Сэр Роберт, чьи фамильные земли были некогда конфискованы сэром Уильямом, давно уже точил на него зуб и сейчас смотрел ему вслед с улыбкой на лице. Потом, словно опомнившись, он сунул руку в мешок с печатями, словно намереваясь показать нам еще один сюрприз, но Генрих остановил его.
— Довольно, — сказал он, и я заметила, что выглядит он совсем больным, а его мать и вовсе была полумертвой от пережитого потрясения. — Я сам их рассмотрю у себя в кабинете. Вы можете идти. Все. Я больше никого не желаю видеть. Мне не нужен никто… — Он запнулся и посмотрел в мою сторону, но как бы мимо меня, словно я была последним человеком, который способен был дать ему утешение после такого предательства. — Мне никто из вас больше не нужен!
Вестминстерский дворец, Лондон
Февраль, 1495 год
Подозрительное отношение Генриха ко всем Йоркам и в первую очередь ко мне привело к тому, что он стал подыскивать моей сестре Анне такого мужа, которому мог бы полностью доверять; тем самым он собирался хотя бы ее исключить из списка возможных средоточий мятежных настроений. В итоге его выбор пал на Томаса Хауарда, графа Суррейского, который уже был подвергнут достаточно долгому наказанию за верность Дому Йорков и лишь недавно вышел из Тауэра. Томас Хауард прежде был человеком Ричарда; однако Генриху он ясно дал понять: он всегда хранил верность исключительно английской короне вне зависимости от того, на чьей голове она находится. И как только корона оказалась у Генриха, он последовал за нею. Генрих сильно в нем сомневался и долгое время подозревал Хауарда в тайной приверженности Йоркам, однако тот спокойно ждал в Тауэре, когда король сочтет возможным выпустить его на свободу, — так пес ждет взаперти возвращения своего хозяина, — и это убедило Генриха в его честности. Он решил, что можно рискнуть, выпустил Томаса из Тауэра, и вскоре тот уже был помолвлен с моей сестрой Анной; он получил обратно свой титул и обрел все основания думать, что династия Хауардов при Тюдорах сумеет подняться не хуже, чем при Йорках.
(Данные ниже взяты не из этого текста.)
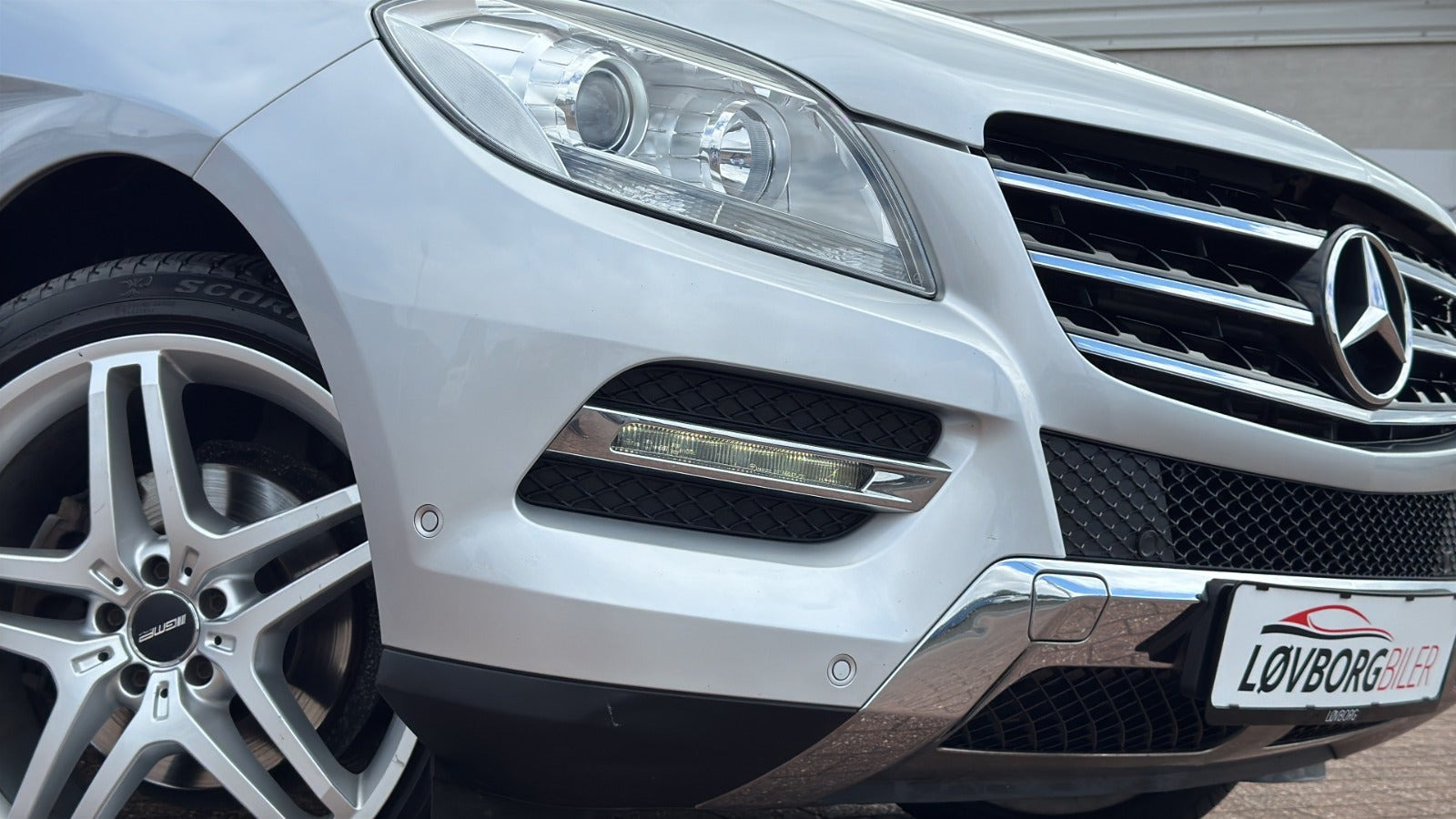 Sølv Mercedes ML350 fra 2014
— Ты не против этого брака? — спросила я у Анны.
Она лишь спокойно на меня глянула. Ей было уже девятнадцать, и ее успели предложить в жены чуть ли не всему христианскому миру.
— Замуж мне действительно пора, — сказала она. — И ведь, согласись, могло быть гораздо хуже. А Томас Хауард — человек, подающий надежды, и я думаю, что благодаря милостям короля он сумеет подняться достаточно высоко. Впрочем, сама увидишь. Теперь Хауард на все готов ради Генриха.
А Генрих, не тратя времени даром из-за им же назначенного брака, вновь погрузился в разбирательства сложного дела о мешке с печатями, ибо список тех, кто буквально с самого начала предавал его, все рос.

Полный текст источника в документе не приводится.